Jones v. Trail Cities Realty, Inc.

Banke, Judge.

This is a suit by a broker to collect a real estate commission. The jury returned a verdict in favor of the plaintiff, and the defendant appeals.

The defendant signed an “exclusive listing agreement” with the plaintiff which provided in pertinent part as follows: “I hereby . . . agree ... to pay you a commission of 10% of any sales price on any contract accepted by me whether such sale be made by you or me, or by any other person acting for me or in my behalf upon the terms hereinafter mentioned, or upon any other terms acceptable to me. ” (Emphasis supplied.) The sale price specified in the listing agreement was $595 per acre.

During the 180-day period in which the exclusive listing was in force, the plaintiff procured a prospective purchaser named Dallas, and the defendant entered into a contract of sale with him. The purchase price specified in this contract was only $550 per acre, rather than $595, and it was payable over a 20-year period without interest; however, Dallas agreed to pay the 10% broker’s commission on the sale price. The defendant subsequently refused to close, and Dallas sued for specific performance. In Jones v. Dallas, 243 Ga. 124 (252 SE2d 603) (1979), the Supreme Court ruled that because Dallas had not introduced evidence to show that the sale price was “fair, just and not against good conscience,” he was not entitled to the equitable remedy of specific performance. Id. at 125. Based on this ruling and also upon the fact that he was not offered $595 an acre for the land, the defendant seller now contends that the plaintiff broker never earned its commission.
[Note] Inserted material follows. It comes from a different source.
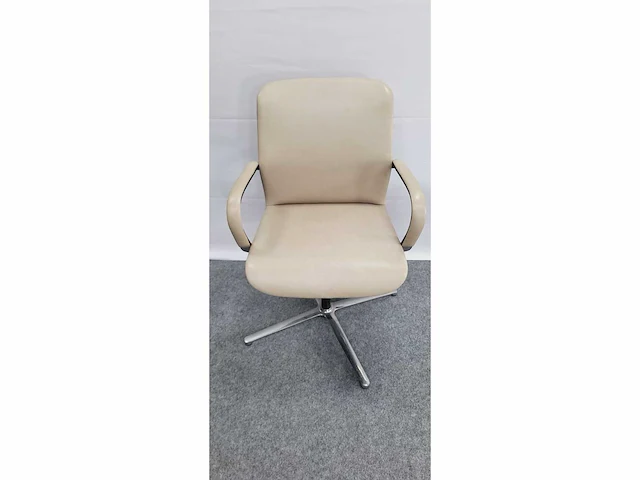 Bene-pedrali - design vergaderset - afbeelding 10 van  11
He further contends that if the commission was earned, it is Dallas who owes it, pursuant to the provisions of the sale contract. Held:

1. “The broker’s commissions are earned when, during the agency, he finds a purchaser ready, able, and willing to buy, and who actually offers to buy on the terms stipulated by the owner.” Code § 4-213. Where the seller accepts the terms of the purchaser’s offer by signing a sales contract, he has accepted the broker’s procurement, and he cannot thereafter defeat the broker’s right to a commission by refusing to close the transaction. See Hope v. DeForest Realty, Inc., 144 Ga. App. 269 (241 SE2d 49) (1977); Baker v. Strawder, 50 Ga. App. 388 (1, 2) (178 SE 206) (1934). Accord Phinizy v. Bush, 129 Ga. 479 (2) (59 SE 259) (1907). The verdict was supported by the evidence, and the trial court did not err in denying the defendant’s motion for directed verdict or his motion for judgment notwithstanding the verdict.

*534Decided November 4, 1981 Rehearing denied November 30, 1981 Walton Hardin, for appellant. M. McNeill Holloway III, for appellee.

2. The trial court did not err in excluding any reference to the Supreme Court’s ruling in Jones v. Dallas, supra. The court’s ruling in that case was not that the sale contract with Dallas was invalid but merely that Dallas was not entitled to the equitable remedy of specific performance.

3. The defendant’s contractual obligation to pay the plaintiff a commission could not have been abrogated by the provision in the sale contract obligating Dallas to pay the commission, since the plaintiff was not a party to the sale contract.

4. The enumerations of error directed to the court’s charge are without merit.

Judgment affirmed.

Deen, P. J., concurs. Carley, J., concurs in the judgment only.